Blog,  Colleen's Work,  Essays

Why I don’t blog anymore

EDIT: I go into details about time investment in the comments below.

studiotable10-15

Dear Colleen,

I bookmarked many posts on your site for information about self publishing and contracts, but when I came back to read the posts later everything was gone. Now I get page after page of broken links and comments without posts. Did you know that most of your website is completely broken?

Kelly

Dear Kelly,

I stopped blogging in public regularly almost 8 years ago, (UPDATE: I now blog on my Patreon behind a paywall, so the 15 million hits this blog once got will now pay me directly instead of an advertising service that pays me almost nothing). While I think it served a purpose at the time, now it is holding me back as an artist. Between social media and blogging, I am investing hours every week into activism that is costing me on a personal and professional level, and I am no longer willing to pay the price. When I started blogging, there weren’t very many websites that covered the same things I was writing about. Now there are, and you have many other resources to choose from.
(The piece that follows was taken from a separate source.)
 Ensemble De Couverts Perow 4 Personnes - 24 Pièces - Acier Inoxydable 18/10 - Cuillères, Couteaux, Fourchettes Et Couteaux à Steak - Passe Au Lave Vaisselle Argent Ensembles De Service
As for where the posts went, I loaded a blog security update that broke the site. The home page looked fine, and I didn’t look any further. So, when the site backups updated, they updated to a broken version of the site. This included both the blog and the comic inventory portions of the site.

Many of my old posts were locked into a system that required each post be reformatted and imported one at a time. I don’t have the resources to do that.

You will find that some of the material has been restored, but I will not make further efforts and am letting the rest go.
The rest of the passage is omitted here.